Im Rausch der Sprache

Lutz Seiler: Kruso

174 Tote, 4522 Festnahmen. Das sind die Menschen, die versuchten, aus dem großen Gefängnis, dass sich Deutsche Demokratische Republik nannte, über die Ostsee zu entkommen. Nach Dänemark, dessen Küste von der Insel Hiddensee aus am Horizont zu sehen ist. Dazwischen das Meer. Eine unüberwindlich wirkende Barriere, doch gleichzeitig die Verheißung von Freiheit unter einem grenzenlosen Himmel. Hiddensee lag irgendwo dazwischen, nicht mehr ganz das Festland mit all seinen Zwängen, aber auch nicht wirkliche Freiheit angesichts der Patrouillenboote und Suchscheinwerfer. Doch eine kleine Welt für sich, mit eigenen Regeln. Lutz Seiler erzählt in seinem Buch »Kruso« die Geschichte von Edgar Bendler, genannt Ed, der im Sommer 1989 auf dieser Insel strandet.

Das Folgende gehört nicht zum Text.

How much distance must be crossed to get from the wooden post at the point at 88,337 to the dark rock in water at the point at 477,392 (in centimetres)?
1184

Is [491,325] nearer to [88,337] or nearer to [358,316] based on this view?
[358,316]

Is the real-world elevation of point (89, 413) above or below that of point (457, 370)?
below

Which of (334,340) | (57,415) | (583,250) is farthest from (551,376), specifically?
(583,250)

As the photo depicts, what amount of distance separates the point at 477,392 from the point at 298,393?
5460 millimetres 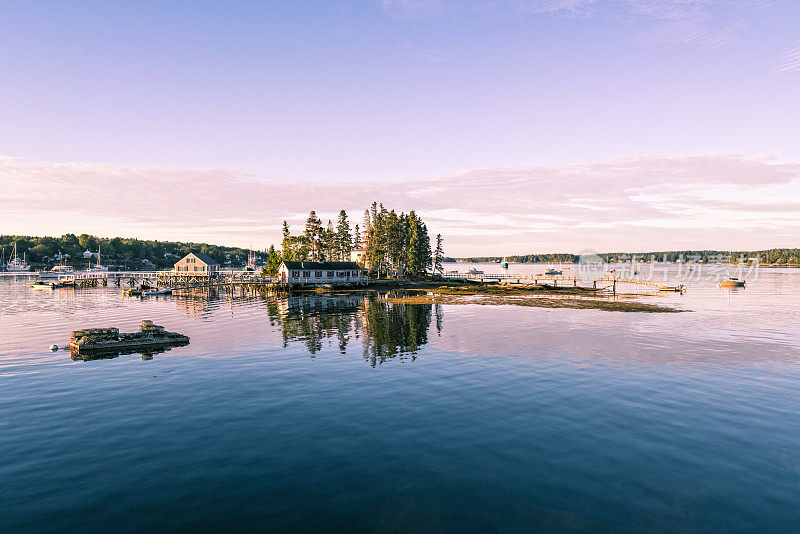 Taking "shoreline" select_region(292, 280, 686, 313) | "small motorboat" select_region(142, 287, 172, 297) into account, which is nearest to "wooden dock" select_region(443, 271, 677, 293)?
"shoreline" select_region(292, 280, 686, 313)

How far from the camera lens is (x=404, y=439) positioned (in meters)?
15.3

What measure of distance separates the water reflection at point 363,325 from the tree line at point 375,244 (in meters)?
48.4

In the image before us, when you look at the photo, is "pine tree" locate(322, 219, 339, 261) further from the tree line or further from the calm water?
the calm water

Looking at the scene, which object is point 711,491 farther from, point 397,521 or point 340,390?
point 340,390

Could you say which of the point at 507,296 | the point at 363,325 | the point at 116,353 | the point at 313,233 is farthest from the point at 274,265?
the point at 116,353

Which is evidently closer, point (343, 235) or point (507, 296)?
point (507, 296)

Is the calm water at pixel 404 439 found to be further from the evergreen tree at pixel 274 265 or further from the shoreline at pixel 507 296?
the evergreen tree at pixel 274 265

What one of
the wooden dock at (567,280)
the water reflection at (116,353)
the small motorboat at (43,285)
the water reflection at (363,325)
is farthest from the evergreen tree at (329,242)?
the water reflection at (116,353)

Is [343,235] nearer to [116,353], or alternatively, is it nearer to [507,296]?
[507,296]

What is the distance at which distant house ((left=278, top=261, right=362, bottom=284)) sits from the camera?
96.0 metres

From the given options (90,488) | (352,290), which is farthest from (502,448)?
(352,290)

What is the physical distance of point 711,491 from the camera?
38.6 ft

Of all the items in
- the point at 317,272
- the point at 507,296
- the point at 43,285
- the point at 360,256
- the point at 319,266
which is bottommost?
the point at 507,296

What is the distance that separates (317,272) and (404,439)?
283 ft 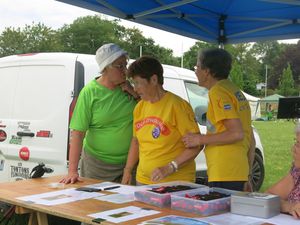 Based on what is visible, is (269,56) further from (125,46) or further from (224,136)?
(224,136)

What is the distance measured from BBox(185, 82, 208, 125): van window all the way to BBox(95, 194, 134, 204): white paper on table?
2.90 meters

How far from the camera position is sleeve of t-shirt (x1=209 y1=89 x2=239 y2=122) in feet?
9.66

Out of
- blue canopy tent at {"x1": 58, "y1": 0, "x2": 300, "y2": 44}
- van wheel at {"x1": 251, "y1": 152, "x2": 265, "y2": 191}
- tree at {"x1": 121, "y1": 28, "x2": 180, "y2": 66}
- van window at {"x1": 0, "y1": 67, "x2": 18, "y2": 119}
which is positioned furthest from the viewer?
tree at {"x1": 121, "y1": 28, "x2": 180, "y2": 66}

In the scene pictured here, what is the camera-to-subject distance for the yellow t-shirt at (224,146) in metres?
2.98

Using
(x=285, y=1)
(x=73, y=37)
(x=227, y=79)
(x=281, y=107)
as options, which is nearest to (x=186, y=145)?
(x=227, y=79)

Im Dunst vor der Küste liegend war Hiddensee ein Sehnsuchtsort für alle in der DDR, die ihr altes Leben so weit wie es nur ging hinter sich lassen wollten, so weit wie es in diesem Staat mit seinen undurchlässigen Grenzen eben möglich war. »Am Ende aller Reden schien Hiddensee ein schmales Stück Land von mythischem Glanz, der letzte, der einzige Ort, eine Insel, die immer weiter hinaustrieb, außer Sichtweite geriet – man musste sich beeilen, wenn man noch mitgenommen werden wollte.« Nach dem Unfalltod seiner Freundin war Ed, Student in Halle an der Saale, aus dem Leben gefallen und auf der Flucht vor sich selbst. Verwirrt und orientierungslos landet er nach einer mehrtägigen Reise auf Hiddensee, schläft am Strand und versucht, sich in einem der Hotels als Saisonkraft zu verdingen, die einzige Möglichkeit, auf dieser Insel außerhalb der begehrten und reglemtierten Urlaubsplätze unterzukommen.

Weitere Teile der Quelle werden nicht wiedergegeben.